Affirmative media theory and the post-9/11 world (part 1)

(The following is a slightly revised version of a text first published on 2 September, 2010, by the Creative Research Centre at Montclair State University. Part II of 'Affirmative Media Theory and the Post-9/11 World', again first published by the Creative Research Centre, is now available above.)

 

Thank you for the invitation to contribute to your born-digital, dynamic, nimble, open-source, collaborative space at Montclair State University. I’m very happy to join the conversation of your Creative Research Centre and take part in your symposium, ‘The Uses of the Imagination in the Post-9/11 World’.

You’ve asked me to address ‘the inherent viability of the concept of the “post-9/11 world”’ and explain what this ‘over-arching concept’ means to me.  Perhaps you’ll forgive me, then, if I begin by telling you a little about my own research. This currently involves a series of born-digital, open, dynamic, collaborative projects I’m provisionally calling ‘media gifts’. Operating at the intersections of art, theory and new media, these gifts employ digital media to actualise critical and cultural theory.

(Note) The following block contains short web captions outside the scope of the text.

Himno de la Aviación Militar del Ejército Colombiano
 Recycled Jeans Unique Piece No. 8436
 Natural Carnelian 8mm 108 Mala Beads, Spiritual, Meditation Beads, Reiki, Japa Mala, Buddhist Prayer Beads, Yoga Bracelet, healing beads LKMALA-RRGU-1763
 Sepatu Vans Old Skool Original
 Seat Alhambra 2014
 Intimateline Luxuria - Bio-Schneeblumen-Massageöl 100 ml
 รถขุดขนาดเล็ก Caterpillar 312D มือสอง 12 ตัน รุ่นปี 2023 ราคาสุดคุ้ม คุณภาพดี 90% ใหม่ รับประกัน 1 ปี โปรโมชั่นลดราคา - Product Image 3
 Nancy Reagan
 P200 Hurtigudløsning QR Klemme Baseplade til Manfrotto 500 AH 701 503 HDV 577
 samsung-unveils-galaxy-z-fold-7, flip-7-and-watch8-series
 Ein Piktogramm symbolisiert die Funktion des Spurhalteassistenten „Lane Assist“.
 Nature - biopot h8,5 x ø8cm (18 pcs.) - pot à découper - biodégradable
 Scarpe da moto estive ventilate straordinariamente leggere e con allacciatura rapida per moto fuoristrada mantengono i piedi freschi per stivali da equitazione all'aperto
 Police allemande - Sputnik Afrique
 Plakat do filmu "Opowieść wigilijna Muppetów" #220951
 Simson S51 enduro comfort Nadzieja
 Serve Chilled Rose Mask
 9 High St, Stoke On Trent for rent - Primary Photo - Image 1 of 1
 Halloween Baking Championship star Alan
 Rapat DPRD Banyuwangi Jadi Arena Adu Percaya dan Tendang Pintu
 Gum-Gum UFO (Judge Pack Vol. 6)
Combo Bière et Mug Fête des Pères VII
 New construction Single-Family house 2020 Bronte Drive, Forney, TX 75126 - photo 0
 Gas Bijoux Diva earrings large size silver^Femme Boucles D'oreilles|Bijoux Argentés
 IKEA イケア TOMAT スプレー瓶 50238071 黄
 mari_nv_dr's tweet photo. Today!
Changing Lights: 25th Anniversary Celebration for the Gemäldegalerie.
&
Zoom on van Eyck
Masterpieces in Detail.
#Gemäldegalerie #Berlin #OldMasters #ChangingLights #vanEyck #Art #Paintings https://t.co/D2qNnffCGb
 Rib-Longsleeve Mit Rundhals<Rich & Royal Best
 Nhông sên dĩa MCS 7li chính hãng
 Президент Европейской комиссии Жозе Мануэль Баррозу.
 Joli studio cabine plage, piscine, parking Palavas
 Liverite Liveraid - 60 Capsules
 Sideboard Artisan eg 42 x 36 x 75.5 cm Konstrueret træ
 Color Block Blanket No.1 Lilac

As such, their primary focus is not on building a picture of the world by establishing what something is and how it exists, before proclaiming, say, that we’ve moved from the closed spaces of disciplinary societies to the more spirit- or gas-like forces of the societies of control, as Gilles Deleuze would have it.

Instead, the projects I’ve been working on over the last few years – which include a ‘liquid book’, a series of internet television programmes, and an experiment that investigates some of the implications of internet piracy through the creation of an actual ‘pirate’ text   – are instances of media and mediation that endeavor to produce the effects they name or things of which they speak.


The reason I wanted to start with these projects is because they function for me as a means of thinking through what it means to ‘do philosophy’ and ‘do media theory’ in the current theoretico-political climate.  I see them as a way of practicing an affirmative media theory or philosophy in which analysis and critique are not abandoned but take more creative, inventive and imaginative forms. The different projects in the series thus each in their own way experiment with the potential new media technologies hold for making affective, singular interventions in the here and now.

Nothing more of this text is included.